Dondi Mangan, service recipient, learns about the Changes Program  from staff Teresita Mercado.  PWC Executive Director Aqui Versoza (standing) guides the briefing. Photo by Tet Valdez.

Dondi Mangan, service recipient, learns about the Changes Program from staff Teresita Mercado. PWC Executive Director Aqui Versoza (standing) guides the briefing. Photo by Tet Valdez.

As Filipino American History Month comes to a close, the Pilipino Workers’ Center (PWC) has continued its outreach to Filipino Americans and Latinos, based at Historic Filipinotown (Hi-Fi), considered to be in absolute poverty. Household income in this neighborhood is lower than the threshold established by the Census of minimal standard of living for the composition of the household.

“There is a myth that persists about Filipinos and Asians as ‘model minority,’ thus hindi natin kailangan ng tulong sa gobyerno (a model minority myth promotes the idea that Filipinos and Asian do not need government assistance),” PWC Executive Director Aqui Versoza told TheFilamLA.

Versoza cited census results stating that: “5.4% of Filipino Americans are in absolute poverty (Jerry Park, on “Asians and The Model Minority”).

She said a couple of the current projects that is available to low-income residents of Hi-Fi is “TEAM” and “Changes.” A good number of those in poverty are seniors, relying solely on their Social Security payments.

“Limited ang pag-intinde ng mga seniors natin tungkol sa mga tulong na para sa kanila tulad ng assistance sa utilities like phones, gas, water. Complicated kasi ang mga brochures or representatives cannot clearly explain in plain English their utilities’ program ( Our seniors have limited understanding of certain assistances in utilities),” she said.

Versoza said this year, PWC has given workshops and direct assistances to some 1,500 clients at the Larry Itliong Village (where the PWC has an office), churches and community halls on Changes and TEAM projects. Through these projects, clients receive information about requesting their utility companies such as Edison, Southern California Gas , Department of Water and Power to install SMART meters in their homes or to help manage their bills; or for cell phone users to avoid unnecessary phone features such as three-way calling.

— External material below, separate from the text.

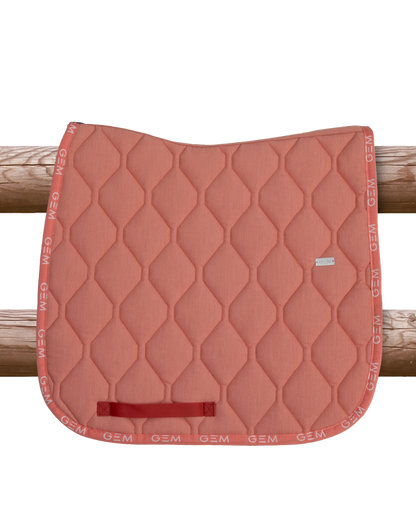 Tapis de selle Love GEM - Dressage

“When the clients come to our offices, they can sign in for us to become their advocates with the utilities company,” said Versoza. “We have Tagalog-speaking advocates who can call the utility companies. Tinutulungan naming sila na tumawag sa mga kumpanya para ma-check ang power or water meter nila. Maaari nilang dalhin ang bill nila sa kuryente o tubig at susuriin naming bakit biglang tumaas ang bayad nila.”
Teresita Mercado, a PWC staff and a former teacher from Manila, knows the difficulty posed by high bills on low income Filipino clients.

She said, “Minsan ang pambayad nila sa pagkain ay napupunta sa cell phones or phone cards that they use to call their families long distance in the Philippines.”

Dondi Mangan who immigrated in 2001 told TheFilamLa that his cell phone bill was reduced significantly after a PWC staff assisted him in getting a better plan.

“Lumiit ang bill ko at nagkaraoon pa ako ng better plan data with unlimited minutes and text,” he said.

He now volunteers at the PWC to pick up food at the Food Bank to distribute to his low-income compatriots.